On one of our voyages along the historic canals of France, you may be lucky enough to be on board a hotel barge that traverses one of the country’s aqueducts. France is a country of undulating landscapes, criss-crossed with innumerable waterways, so the resourceful French engineers in earlier centuries had little choice but to build a number of aqueducts. These elegant structures are still in use today, crossing rivers and valleys and offering a stunning view for any lucky enough to be aboard a vessel gliding over one of them.

The Agen Aqueduct, or Pont-Canal d’Agen

The Pont-Canal d’Agen on the Canal de Garonne in Southwest France was built in the mid-19th century, under the direction of the engineer Jean-Baptiste de Baudre and the first stone was laid by the Duke of Orleans. At a very respectable 1,750 feet in length it was the longest aqueduct in France when completed, although this has since been surpassed by some of the others on this list.

It’s quite low, at only around 30 feet high, but nonetheless commands wonderful views of the River Garonne it traverses. It is a very grand one to view from the ground too as its length and impressive 60 foot wide arches give it a stately appearance. It is one of the two aqueducts crossed by the charming hotel barge Rosa, the other being the Pont-Canal du Cacor near the ancient town of Moissac.

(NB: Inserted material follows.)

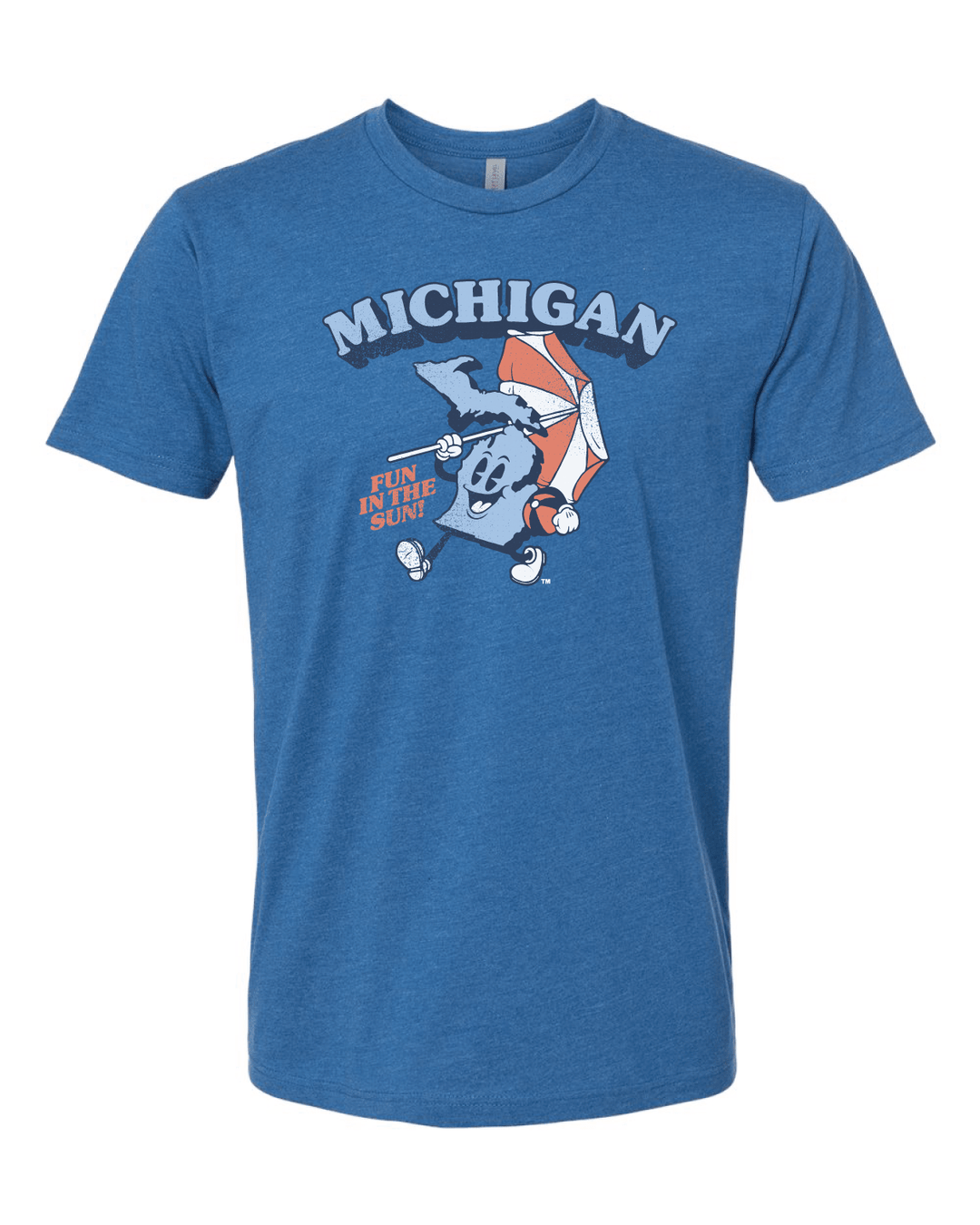 Fun in the Sun Retro State of Michigan Beach T-Shirt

The Briare Aqueduct, or Pont-Canal du Briare

Should you choose to travel on the Renaissance, one of the most luxurious hotel barges in our fleet, then you will be fortunate enough to cross the Pont-Canal du Briare over the River Loire. At close to 2,200 feet, it is an extraordinary feat of engineering and an example of truly elegant architecture, which until 2003 was the world’s longest steel canal aqueduct.

Renaissance Briare Bridge

Built at the end of the 19th century by Gustave Eiffel, of Eiffel Tower and Statue of Liberty fame, its dual towpaths featuring tall Renaissance-style lanterns, make the Pont-Canal du Briare a unique place to walk or cycle alongside the barge. This is a must-see on any architecture-lover’s list and there’s no better way to experience it than aboard this luxury hotel barge as part of her gentle cruise along France’s oldest canal.

The Orb Aqueduct, or Pont-Canal de l’Orb

This aqueduct certainly isn’t as long as the Pont-Canal du Briare, but it is wider at nearly 100 feet. Designed by engineer Jean Magues, it carries the Canal du Midi over the River Orb at Beziers, and it is the well-known Anjodi that will take you across. This traditional hotel barge may well be familiar to fans of celebrity chef Rick Stein, who was on board with a film crew recording the hugely successful French Odyssey BBC TV series.

This aqueduct was especially significant when it was built in the mid-19th century when boats navigating the Canal du Midi also had to negotiate the Orb, putting them at the mercy of that river’s often treacherous conditions. Indeed, the river was once impassable for over a fortnight in the late 18th century, prompting the building of the aqueduct.

Whichever hotel barge you choose for your voyage of gentle exploration, there are opportunities for some unforgettable aqueduct crossings on some of France’s most famous canals.